Ketiga, Luhut juga menceritakan bahwa Simarmata juga memuji tim ahli bidang ekonomi pemerintah karena selalu terbuka untuk mendengar dan menerima masukan dari semua pihak.
Terakhir, di penghujung penjelasannya Luhut menekankan bahwa tidak ada menang kalah dari “perdebatan” dengan Simarmata, bahkan keduanya sepakat bahwa semua boleh berbicara dan mengkritik pemerintah asalkan menggunakan data yang dapat diuji.
Lalu apa yang didapat dari pihak Simarmata dari pertemuan tersebut?
Sayangnya tidak banyak informasi yang diperoleh. Dari akun twitternya @dssimarmata, Simarmata hanya mencuit singkat ; “Diskusi ilmiah tidak harus terbuka, terminologi juga tidak dimengerti umum. Dalam situasi saat ini yang sangat ribut seperti ini, perlu tenang, ilmiah itu perlu begitu!”.
Dari cuitan ini, nampak bahwa Simarmata cukup puas dengan pertemuan tersebut, meski mungkin bisa saja bukan secara materi debat, tetapi dari dapat terlaksananya pertemuan bersama Luhut, itu saja.
Cuitan ini lalu mengundang ribuan komentar dari netizen, saya lihat mayoritas nampak kurang puas dengan cuitan Simarmata sehingga mengingatkan sebuah ungkapan lama, “penonton kecewa”.
***
Sedari awal saat narasi rencana perdebatan ini muncul, saya menyambutnya, meski tidak dengan ekspetasi tinggi.
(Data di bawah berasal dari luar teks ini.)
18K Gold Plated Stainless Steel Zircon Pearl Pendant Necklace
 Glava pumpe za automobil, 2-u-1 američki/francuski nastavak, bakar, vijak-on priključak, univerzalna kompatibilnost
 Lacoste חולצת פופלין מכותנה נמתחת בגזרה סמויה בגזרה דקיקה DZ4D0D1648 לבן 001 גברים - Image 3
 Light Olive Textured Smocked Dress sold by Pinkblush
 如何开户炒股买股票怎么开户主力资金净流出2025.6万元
Menyambutnya bukan karena tertarik dengan esensi atau materi perdebatan, tetapi dengan keriuhan yang akan ditimbulkan.
Maksud saya begini, saya menduga riuh yang ditimbulkan bahkan mungkin tidak berkaitan atau menyentuh tentang materi, tetapi mengenai metode debat yang akan dilakukan serta selentingan adu taruhan yang sudah wow muncul di permukaan.
Seperti pinta pihak Rizal Ramli yang mengatakan jika pihak Luhut kalah, maka menteri di tim ekonomi Jokowi harus semuanya mundur dan jika Luhut menang maka dirinya akan diam, tidak mengkritik pemerintah lagi.
Hal-hal ini membuat narasi perdebatan ini nampak bagi saya hanya sebagai sebuah hiburan semata, bahkan lelucon.